Take me back to London Town
2.5
Husband Material Book Cover Husband Material
London Calling #2
Alexis Hall
LGBTQ Romance
Sourcebooks Casablanca
August 2, 2022
Paperback, Ebook, Audiobook
423

WANTED: One (very real) husband, nowhere near perfect but desperately trying his best

In BOYFRIEND MATERIAL, Luc and Oliver met, pretended to fall in love, fell in love for real, dealt with heartbreak and disappointment and family and friends...and somehow figured out a way to make it work. Now it seems like everyone around them is getting married, and Luc's feeling the social pressure to propose. But it'll take more than four weddings, a funeral, and a hotly contested rainbow balloon arch to get these two from "I don't know what I'm doing" to "I do".

Good thing Oliver is such perfect HUSBAND MATERIAL.

Finishing a book is bittersweet. On one hand there is usually significant resolution because you’ve come to the end, but on the other hand you’ve spent a great deal of time watching these characters develop and grow through their journey, only to come to a hard and fast stop. Having a sequel allows for that window that was firmly shut to open once again and allow you to visit with people you’ve come to care about in some small measure.

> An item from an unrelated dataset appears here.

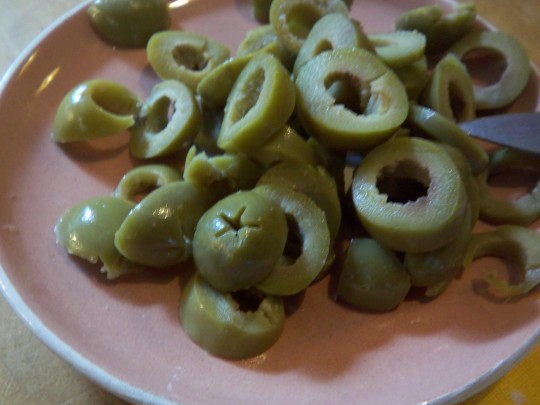 Grüne Oliven für unsere Tunfisch-Spaghetti gibt's auf dem Markt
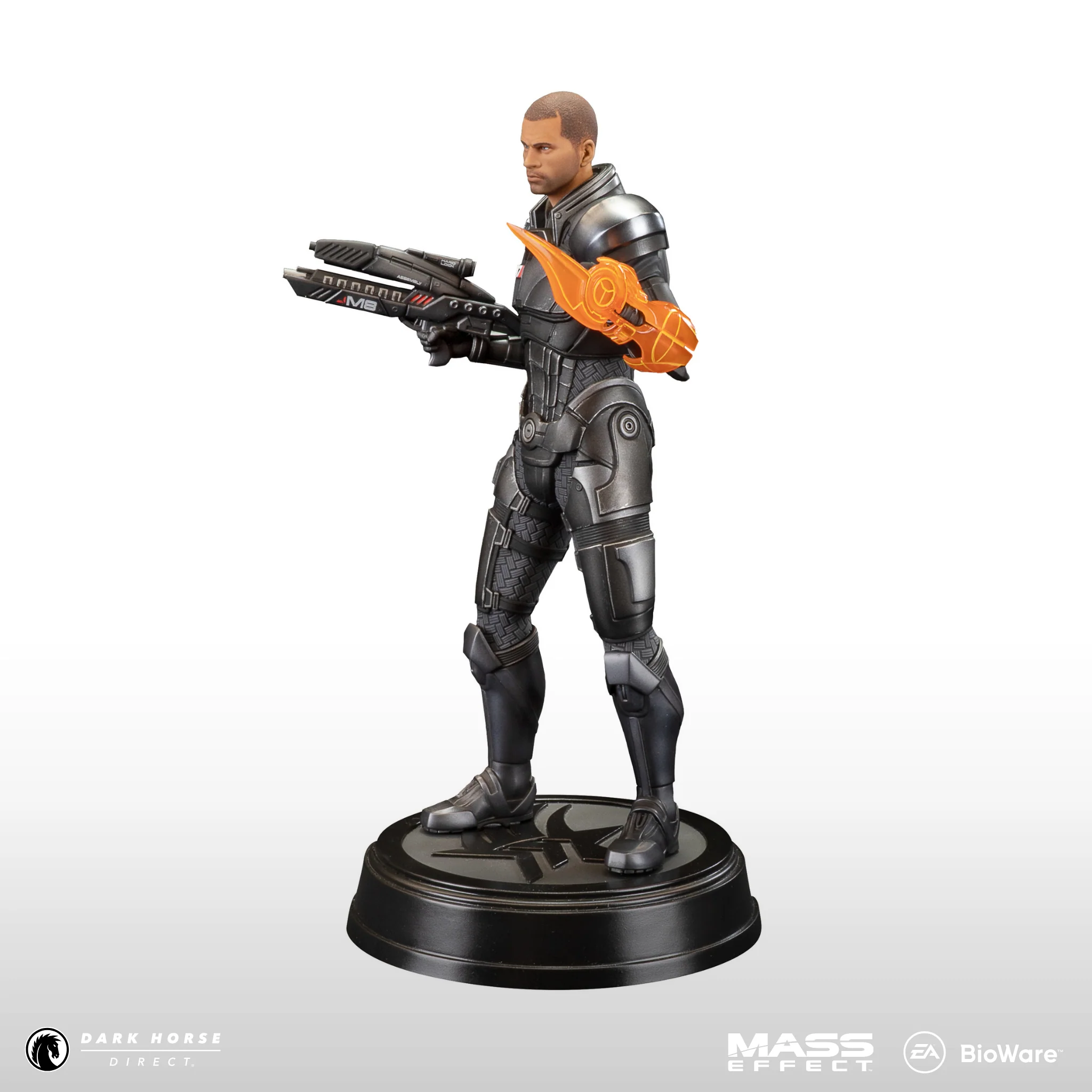 Mass Effect: Commander John Shepard Figure - Image 3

Alexis Hall brings readers back to London with his new novel “Husband Material”, which checks back in with Luc and Oliver, who are two years into their relationship and seemingly in domestic bliss. After growing attached to Luc’s hits-too-close-to-home self deprecating humor and Oliver’s steadfast demeanor, being able to linger in their world again felt like a treat.

Oh, this is nice,‘ I told him. ‘It reminds me of when we were first going out and I didn’t like you.’ And it was a testament to how far we’d come that I could say something like that and he’d laugh. And Oliver laughing in a special-occasion suit was a very good Oliver indeed.

“Husband Material” is very much character driven. Most of the novel circles around Luc and Oliver and how they engage socially with others while navigating taking their own ‘next steps’. Hopefully you can manage expectations well enough to enjoy the characters’ return to the page without needing a huge overarching plotline, because there isn’t much of one.

I really enjoyed reading the first half of this book because I was able to see Luc and Oliver, who I fell head over heels for in “Boyfriend Material”. Two years later they are still together, in a good place, and are settling down with each other, acknowledging each other’s warts and all. I realized halfway through, though, that there wasn’t as much character development off the page as I’d initially hoped for, and they didn’t grow during “Husband Material” either.

See, this was the problem with trying to be a better human being to impress your boyfriend. You ended up having to be a better human to everybody.

Luc is still self-deprecating, but it’s not as funny this time around. He’s insecure and self-sabotaging. Oliver is exceptionally anxious, even though he hides it better than Luc, and he hasn’t really worked out much of his family issues or reconciled being gay with being part of the gay community. To summarize, the same issues that plagued these characters in book 1 are still lingering in book 2, except they’re really together not just fake-dating together.

Final Thoughts

To be frank, “Husband Material” isn’t the novel that I was hoping it would be. I’m rating it 2.5 stars, bee-cause while it wasn’t everything that I hoped it would be, I still enjoyed experiencing Luc and Oliver’s banter again on the page. These two really do get into some fun shenanigans, and they have some interesting conversations. Luc’s internal monologue and commentary specifically reminds me of hearing my best friends tell a story over drinks. I hope that there will be more of them in Hall’s future London Calling novels, even as secondary characters, because they deserve more love.